HERMOGIDE, EUPHORBE.

 

 

_______

 

 

 

HERMOGIDE.

 

Tous les chefs sont d’accord, et dans ce jour tranquille,

Argos attend un roi de la main d’Eriphyle ;

Nous verrons si le sort qui m’outrage et me nuit,

De vingt ans de travaux m’arrachera le fruit.

 

EUPHORBE.

 

A ce terme fatal Eriphyle amenée,

Ne peut plus reculer son second hyménée ;

Argos l’en sollicite, et la voix de nos dieux

Soutient la voix du peuple et parle avec nos vœux.

Chacun sait cet oracle et cet ordre suprême

Qu’Eriphyle autrefois a reçu des dieux même :

« Lorsqu’en un même jour deux rois seront vaincus,

Tes mains rallumeront le flambeau d’hyménée ;

Attends jusqu’à ce jour ; attends la destinée

Et du peuple, et du trône, et du sang d’Inachus. »

Ce jour est arrivé ; votre élève intrépide

A vaincu les deux rois de Pylos et d’Elide.

 

HERMOGIDE.

 

Eh ! C’est un des sujets du trouble où tu me vois,

Qu’un autre qu’Hermogide ait pu vaincre ces rois ;

Que la fortune, ailleurs occupant mon courage,

Ait au jeune Alcméon laissé cet avantage .

Ce fils d’un citoyen, ce superbe Alcméon,

Par ses nouveaux exploits semble égaler mon nom :

La reine le protège ; on l’aime : il peut me nuire,

Et j’ignore aujourd’hui si je peux le détruire.

Sans lui, toute l’armée était en mon pouvoir.

Des chefs et des soldats je tentais le devoir.

Je marchais au palais, je m’expliquais en maître ;

Je saisissais un bien que je perdrai peut-être.

 

EUPHORBE.

 

Mais qui choisir que vous ? Cet empire aujourd’hui

Demande votre bras pour lui servir d’appui.

Eriphyle et le peuple ont besoin d’Hermogide ;

Seul vous êtes du sang d’Inachus et d’Alcide ;

Et pour donner le sceptre elle ne peut choisir

Des tyrans étrangers, armés pour le ravir.

 

HERMOGIDE.

 

Elle me doit sa main : je l’ai bien méritée ;

A force d’attentats je l’ai trop achetée.
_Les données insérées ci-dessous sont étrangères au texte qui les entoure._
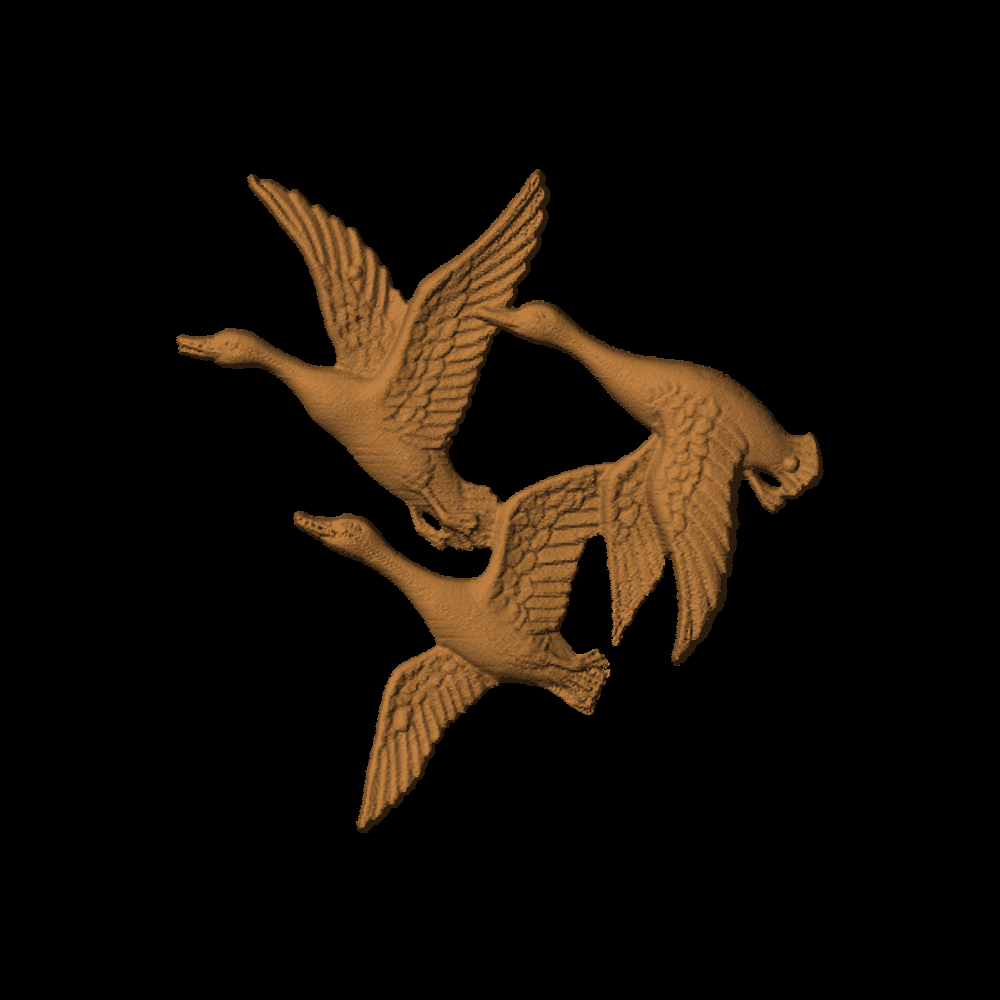 Geese Flying-1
Sa foi m’était promise avant qu’Amphtarüs

Vînt ravir à mes vœux l’empire d’Inachus,

Ce rival odieux, indigne de lui plaire,

L’arrachant à ma foi, l’obtint des mains d’un père.
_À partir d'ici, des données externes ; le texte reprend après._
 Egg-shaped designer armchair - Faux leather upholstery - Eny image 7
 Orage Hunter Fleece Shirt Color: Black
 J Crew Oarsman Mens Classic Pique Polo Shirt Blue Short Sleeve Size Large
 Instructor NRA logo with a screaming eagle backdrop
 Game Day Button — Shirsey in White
Mais il a peu joui de cet auguste rang ;

Mon bras désespéré se baigna dans son sang.

Elle le sait, l’ingrate, et du moins en son âme

Ses vœux favorisaient et mon crime et ma flamme.
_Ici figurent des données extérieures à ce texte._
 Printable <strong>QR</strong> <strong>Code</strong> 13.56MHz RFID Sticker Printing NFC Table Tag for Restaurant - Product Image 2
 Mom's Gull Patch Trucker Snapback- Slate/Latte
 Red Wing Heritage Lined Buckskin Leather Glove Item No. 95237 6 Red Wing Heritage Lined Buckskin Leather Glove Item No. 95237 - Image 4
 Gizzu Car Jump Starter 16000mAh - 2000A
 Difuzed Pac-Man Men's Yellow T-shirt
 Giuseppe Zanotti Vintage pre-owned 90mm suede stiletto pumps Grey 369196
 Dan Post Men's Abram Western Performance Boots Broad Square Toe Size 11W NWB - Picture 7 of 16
Je poursuivis partout le sang de mon rival :

J’exterminai le fruit de son hymen fatal ;

J’en effaçai la trace. Un voile heureux et sombre

Couvrait tous ces forfaits du secret de son ombre.

Eriphyle elle-même ignore le destin

De ce fils qu’à tes yeux j’immolai de ma main.

Son époux et son fils privés de la lumière

Du trône à mon courage entr’ouvraient la barrière,

Quand la main de nos dieux la ferma sous mes pas.

J’avais pour moi mon nom, la reine, les soldats.

Mais la voix de ces dieux, ou plutôt de nos prêtres,

M’a dépouillé vingt ans du rang de mes ancêtres.

Il fallut succomber aux superstitions

Qui sont bien plus que nous les rois des nations.

Un oracle, un pontife, une voix fanatique,

Sont plus forts que mon bras et que ma politique ;

Et ce fatal oracle a pu seul m’arrêter

Au pied du même trône où je devais monter.

 

EUPHORBE.

 

Vous n’avez jusqu’ici rien perdu qu’un vain titre,

Seul, des destins d’Argos on vous a vu l’arbitre.

Le trône d’Eriphyle aurait tombé sans vous.

L’intérêt de l’Etat vous nomme son époux :

Elle ne sera pas sans doute assez hardie

Pour oser hasarder le secret qui vous lie.

Votre pouvoir sur elle…

 

HERMOGIDE.

 

Ah ! Sans dissimuler,

Tout mon pouvoir se borne à la faire trembler.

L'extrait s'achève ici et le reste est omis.